» **YOUR GOAL**:
Below are entries; count the lines containing the string "Nike". The answer is that number alone.

» **GIVEN DATA**:
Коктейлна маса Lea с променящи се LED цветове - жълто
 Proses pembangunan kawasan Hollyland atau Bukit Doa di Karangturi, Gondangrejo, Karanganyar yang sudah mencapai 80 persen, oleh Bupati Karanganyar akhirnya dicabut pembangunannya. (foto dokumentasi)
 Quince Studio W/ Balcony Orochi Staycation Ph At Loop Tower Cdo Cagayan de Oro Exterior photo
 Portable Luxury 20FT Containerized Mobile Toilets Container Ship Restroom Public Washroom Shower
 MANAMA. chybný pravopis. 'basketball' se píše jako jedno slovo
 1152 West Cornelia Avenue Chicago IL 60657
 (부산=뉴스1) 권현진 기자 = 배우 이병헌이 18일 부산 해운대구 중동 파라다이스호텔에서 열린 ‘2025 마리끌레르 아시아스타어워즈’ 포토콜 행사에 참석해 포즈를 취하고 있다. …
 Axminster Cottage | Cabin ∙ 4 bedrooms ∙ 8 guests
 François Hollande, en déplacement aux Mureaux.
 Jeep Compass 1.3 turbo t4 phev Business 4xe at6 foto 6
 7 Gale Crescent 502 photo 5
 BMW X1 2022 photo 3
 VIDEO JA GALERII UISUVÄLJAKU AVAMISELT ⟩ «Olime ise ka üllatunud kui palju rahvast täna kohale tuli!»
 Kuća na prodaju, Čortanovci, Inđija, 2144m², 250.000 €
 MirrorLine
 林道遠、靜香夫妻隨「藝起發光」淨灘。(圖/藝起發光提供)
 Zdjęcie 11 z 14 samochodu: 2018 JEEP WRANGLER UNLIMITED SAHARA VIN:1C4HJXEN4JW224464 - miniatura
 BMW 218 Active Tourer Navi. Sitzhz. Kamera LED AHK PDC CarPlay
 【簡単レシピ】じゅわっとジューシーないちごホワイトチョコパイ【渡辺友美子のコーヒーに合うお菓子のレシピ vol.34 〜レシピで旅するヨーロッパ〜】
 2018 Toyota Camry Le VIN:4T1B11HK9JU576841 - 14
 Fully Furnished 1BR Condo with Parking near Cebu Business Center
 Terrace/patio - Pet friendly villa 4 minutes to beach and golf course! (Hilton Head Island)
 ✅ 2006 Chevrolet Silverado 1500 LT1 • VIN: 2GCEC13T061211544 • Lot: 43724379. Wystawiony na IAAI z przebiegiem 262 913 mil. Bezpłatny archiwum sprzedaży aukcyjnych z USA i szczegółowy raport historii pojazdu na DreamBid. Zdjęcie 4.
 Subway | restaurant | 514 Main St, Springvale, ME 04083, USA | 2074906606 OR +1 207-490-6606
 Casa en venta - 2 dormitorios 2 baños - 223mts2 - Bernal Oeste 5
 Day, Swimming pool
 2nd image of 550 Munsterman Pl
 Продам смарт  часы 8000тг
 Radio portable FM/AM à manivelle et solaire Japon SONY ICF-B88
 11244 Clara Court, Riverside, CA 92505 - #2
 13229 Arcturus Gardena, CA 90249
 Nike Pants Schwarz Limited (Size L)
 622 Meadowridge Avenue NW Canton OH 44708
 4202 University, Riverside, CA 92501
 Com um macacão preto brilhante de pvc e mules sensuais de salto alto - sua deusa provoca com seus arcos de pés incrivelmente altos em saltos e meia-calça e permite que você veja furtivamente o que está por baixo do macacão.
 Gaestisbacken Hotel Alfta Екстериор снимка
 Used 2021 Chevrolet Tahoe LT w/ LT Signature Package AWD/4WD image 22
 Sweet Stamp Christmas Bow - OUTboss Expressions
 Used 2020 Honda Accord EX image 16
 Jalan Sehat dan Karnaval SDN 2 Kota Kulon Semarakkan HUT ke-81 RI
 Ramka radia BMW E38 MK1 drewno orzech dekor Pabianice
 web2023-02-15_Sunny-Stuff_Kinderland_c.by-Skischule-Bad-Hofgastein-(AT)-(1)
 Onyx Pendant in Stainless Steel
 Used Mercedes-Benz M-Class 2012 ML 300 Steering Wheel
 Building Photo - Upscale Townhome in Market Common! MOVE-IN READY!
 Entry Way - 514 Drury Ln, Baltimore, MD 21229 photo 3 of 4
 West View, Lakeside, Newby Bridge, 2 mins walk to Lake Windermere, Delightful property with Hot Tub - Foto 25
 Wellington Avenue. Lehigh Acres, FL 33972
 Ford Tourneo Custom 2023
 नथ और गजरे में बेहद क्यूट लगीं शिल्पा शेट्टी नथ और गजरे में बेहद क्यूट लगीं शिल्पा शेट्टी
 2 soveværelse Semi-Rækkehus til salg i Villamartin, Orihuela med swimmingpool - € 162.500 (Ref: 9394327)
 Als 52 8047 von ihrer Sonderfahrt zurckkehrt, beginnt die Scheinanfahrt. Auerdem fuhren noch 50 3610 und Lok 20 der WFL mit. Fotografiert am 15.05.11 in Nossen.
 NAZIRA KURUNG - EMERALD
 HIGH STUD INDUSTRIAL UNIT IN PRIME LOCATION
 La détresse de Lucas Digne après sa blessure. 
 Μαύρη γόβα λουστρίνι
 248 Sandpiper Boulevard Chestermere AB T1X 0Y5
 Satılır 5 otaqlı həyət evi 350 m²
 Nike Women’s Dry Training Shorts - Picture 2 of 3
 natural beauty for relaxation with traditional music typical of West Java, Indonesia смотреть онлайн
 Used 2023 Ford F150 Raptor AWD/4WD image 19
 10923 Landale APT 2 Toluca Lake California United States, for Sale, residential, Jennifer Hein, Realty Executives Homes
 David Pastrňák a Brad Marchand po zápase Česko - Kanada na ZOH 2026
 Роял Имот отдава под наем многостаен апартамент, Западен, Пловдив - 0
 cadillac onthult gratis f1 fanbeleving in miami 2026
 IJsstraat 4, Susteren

» **FINISHED EXERCISE**:
2